Kansas City Chiefs Must Make Obvious Choice by Franchising Dwayne Bowe
The Kansas City Chiefs made a surprise move on Monday, signing former Oakland Raiders cornerback Stanford Routt to a three-year deal worth $20 million. The deal was reported by numerous sources, including The Kansas City Star.
The perception among fans (and some pundits) is that Routt is a lesser corner, but he deserves more credit than that. Routt's biggest problem was that he was overpaid by the Raiders, as they signed him to a three-year contract worth over $30 million last season.
That was too much money for a player of Routt's caliber, and the Raiders more or less admitted that by releasing him this offseason.
The Routt signing will have a domino effect in terms of what Kansas City does next this offseason. Most notably, it effects the team's decision of where to place its franchise tag.
With Routt on board, the decision is obvious. The franchise tag should be placed on wide receiver Dwayne Bowe.

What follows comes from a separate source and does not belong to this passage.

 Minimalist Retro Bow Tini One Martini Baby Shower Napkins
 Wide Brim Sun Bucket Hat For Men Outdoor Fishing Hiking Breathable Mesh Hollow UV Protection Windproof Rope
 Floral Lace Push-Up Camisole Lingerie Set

Should the Chiefs use the franchise tag on Dwayne Bowe?
Before the Routt signing, the franchise tag decision was pretty much between two players: Bowe and cornerback Brandon Carr. Carr is a good corner, but it makes absolutely no sense for the Chiefs to cut him a big paycheck seeing as how they're already committing quite a bit of money to Routt and Brandon Flowers. They have the cap space to do it, but that doesn't mean they should.

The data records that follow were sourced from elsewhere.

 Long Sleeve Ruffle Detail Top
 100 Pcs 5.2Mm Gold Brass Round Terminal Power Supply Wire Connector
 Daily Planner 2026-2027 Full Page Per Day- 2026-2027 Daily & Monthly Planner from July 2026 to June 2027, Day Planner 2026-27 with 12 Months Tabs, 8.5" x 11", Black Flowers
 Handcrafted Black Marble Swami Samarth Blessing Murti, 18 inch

Making sure Bowe comes back is a much better idea. He's been by far the best weapon the Chiefs have had in their passing game ever since he broke into the league in 2007. He would certainly be missed if he were to leave.
Tagging Bowe and keeping him around for at least one more season is a much safer play for the Chiefs. In fact, Gregg Rosenthal of Pro Football Talk points out that the Bowe situation is a win-win situation for the Chiefs:
"The Chiefs have a huge amount of salary cap space, so it should be easy to tag Bowe. A long-term deal could be tough to put together quickly. A one-year contract will give Bowe motivation to play his best again in 2012; motivation has been an issue at times during his career."
If the Chiefs choose to tag Carr and let Bowe walk as an unrestricted free agent, there would be no arguing with the quality of their secondary. Their wide receiving corps, on the other hand, would then be spearheaded by 2011 rookie Jonathan Baldwin. The Chiefs would trust that he'd be ready to fill Bowe's shoes in 2012.
And that would be anybody's guess.
Since there's no reason for the Chiefs to gamble with that possibility, I'm going to be shocked if they don't find a way to bring Bowe back. It's the safe play and it's the smart play.